The present study assessed the prevalence of responders (Rs) and non-responders (NRs) by sex and intervention type, examined sex-by-intervention interactions, and evaluated the likelihood of combined positive responses across body fat percentage (BFP), systolic and diastolic blood pressure (SBP and DBP), and cardiorespiratory fitness (VO2max). The results showed that the proportions of Rs and NRs for each outcome were similar between males and females, with no main effect of sex on responsiveness. Although sex-by-intervention associations were identified in the categorical χ2 analyses, logistic regression estimates were characterized by wide 95% confidence intervals crossing the null value, indicating limited precision of these effects. Accordingly, any apparent sex- or modality-related patterns should be interpreted as descriptive tendencies rather than statistically robust interaction effects. Multinomial logistic regression further indicated no statistically significant main or interaction effects for combined responder outcomes.
It is important to acknowledge that the original randomized controlled trial, from which the present data were derived, did not show between-group differences in the primary outcomes. Accordingly, the current study should not be interpreted as demonstrating differential effects of HIIT versus HIPT. Rather, this secondary analysis was designed to explore individual variability in responsiveness within the intervention arms. In line with this, none of the odds ratios exceeded the threshold of statistical significance, and any apparent patterns across sex or modality should be interpreted with caution. These findings highlight the considerable inter-individual variability in adolescents’ responses to high-intensity school-based exercise while underscoring the need for replication in adequately powered designs.
Both interventions elicited beneficial changes in more than 60% of participants, except for VO2max in the HIPT group, where the responder rate was 44.3%. The lower percentage of VO2max responders in the HIPT group may hypothetically be related to the neuromuscular rather than aerobic emphasis of plyometric training. However, because these differences were not statistically significant and the confidence intervals crossed the null value, this potential explanation should be regarded as speculative. Unlike HIIT, which directly stimulates maximal oxygen uptake through repeated bouts of high metabolic demand, HIPT relies on short, explosive actions with limited engagement of the aerobic system. Accordingly, any modality-related differences in VO2max responsiveness require confirmation in adequately powered prospective studies. Given that the regression-based interaction terms were not statistically significant and confidence intervals were wide, the following considerations are offered solely as potential hypotheses rather than explanatory conclusions. The observed sex-by-intervention interaction may be explained by several underlying mechanisms. Hormonal and neuromuscular differences between males and females likely modulate training adaptations. Higher testosterone concentrations in males promote muscle hypertrophy, hemoglobin synthesis, and anaerobic metabolism, facilitating performance gains in HIIT protocols characterized by repeated, high-intensity efforts [11,24,40]. In contrast, females typically exhibit a greater proportion of type I muscle fibers, higher fatigue resistance, and estrogen-mediated vascular and metabolic protection, which may enhance responsiveness to plyometric, bodyweight-based HIPT sessions [40,41,42]. Additionally, differences in motor coordination and movement efficiency could further contribute to inter-individual variability in adaptation patterns, rather than reflecting consistent sex-specific effects.

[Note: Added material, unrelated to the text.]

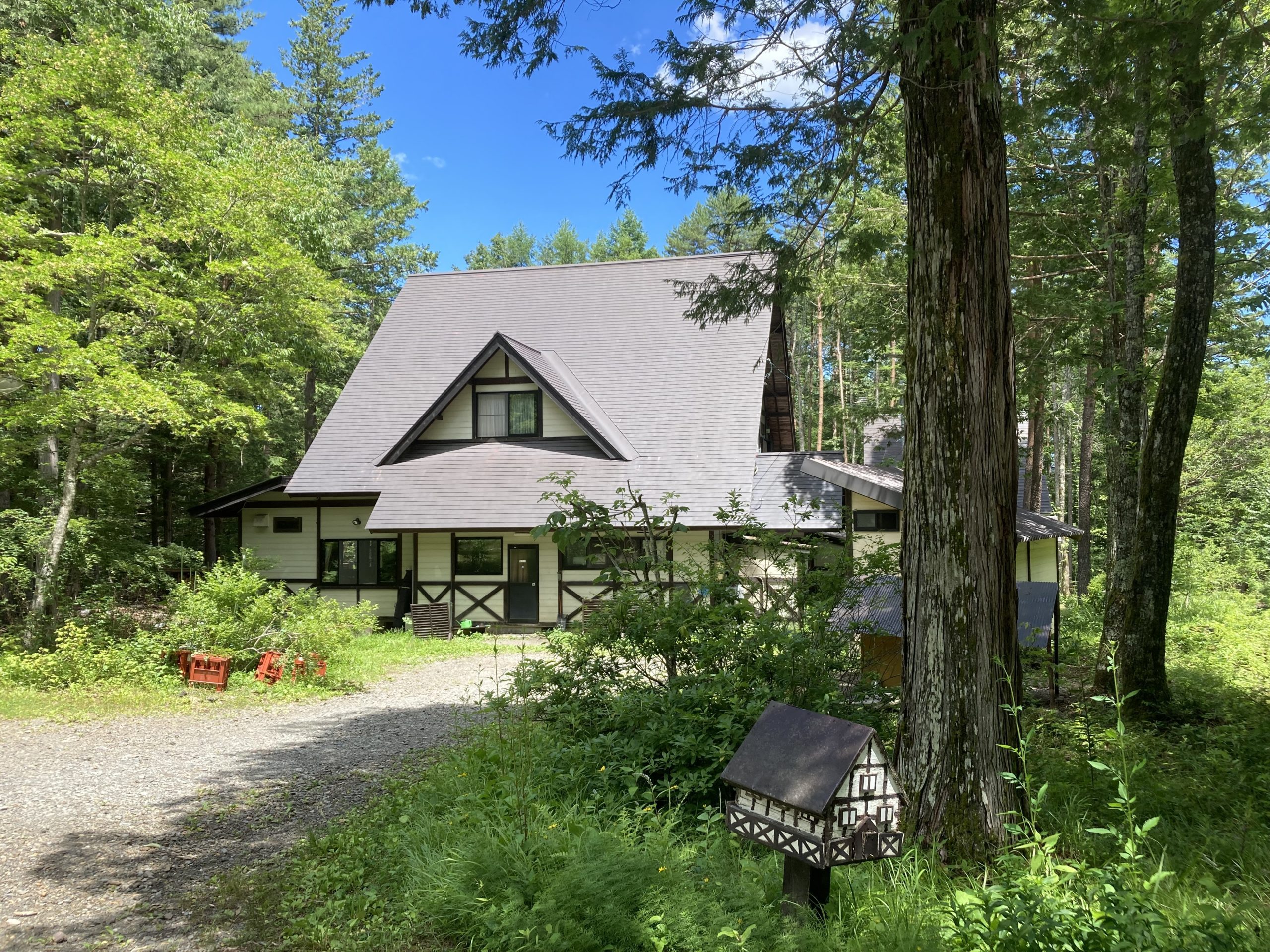 Lodge Jotenki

Both HIIT and HIPT protocols were associated with improvements in body composition and blood pressure, consistent with previous reports indicating that high-intensity school-based exercise can yield measurable health benefits in adolescents [11,43,44,45]. The current results align with previous evidence showing that regular HIIT reduces adiposity and blood pressure through mechanisms related to improved vascular function and autonomic regulation [43,44,46], while plyometric training enhances muscular efficiency and may indirectly support cardiovascular adaptations [42,47,48].

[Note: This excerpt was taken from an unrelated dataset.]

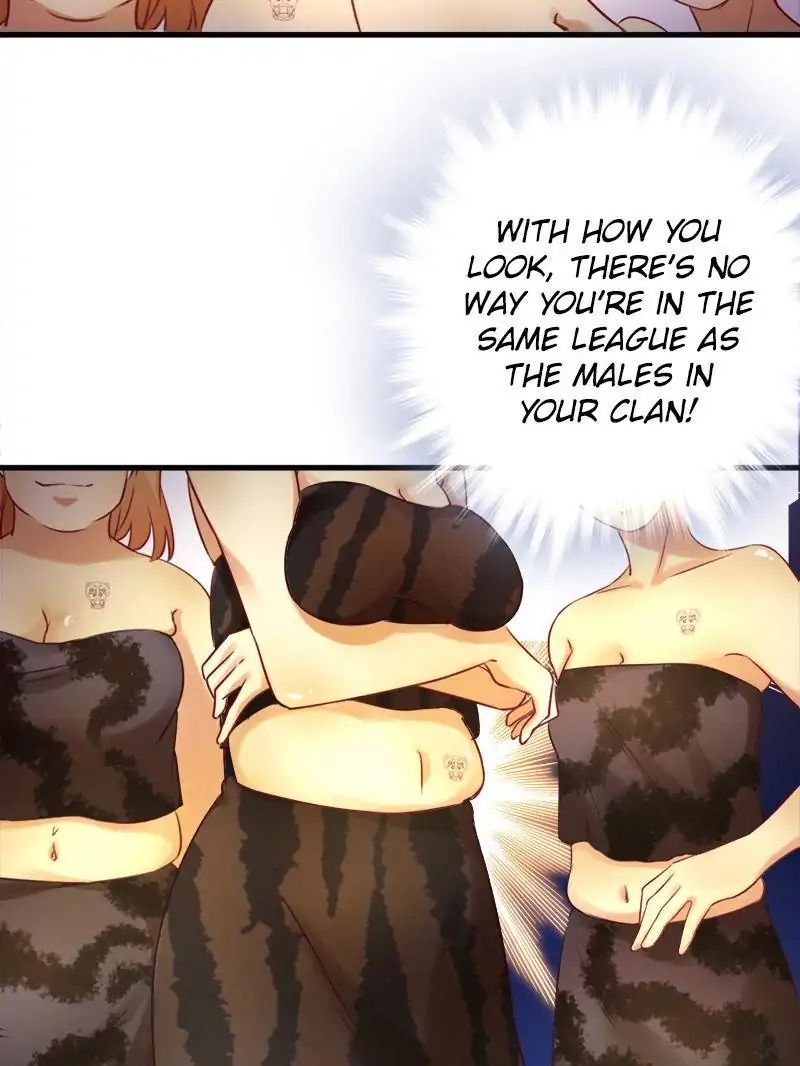 Read Beauty and the Beasts Manga Online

Because several of the estimated odds ratios were associated with wide confidence intervals, the precision of the responder estimates varied across outcomes. For this reason, the present study cannot provide a definitive sample size target for future research. Instead, future trials should base their sample size calculations on the effect-size ranges and confidence intervals reported here, ideally after replication in independent cohorts. This approach will allow for a more accurate estimation of the sample sizes required to detect sex- or modality-specific differences in responsiveness with adequate statistical power.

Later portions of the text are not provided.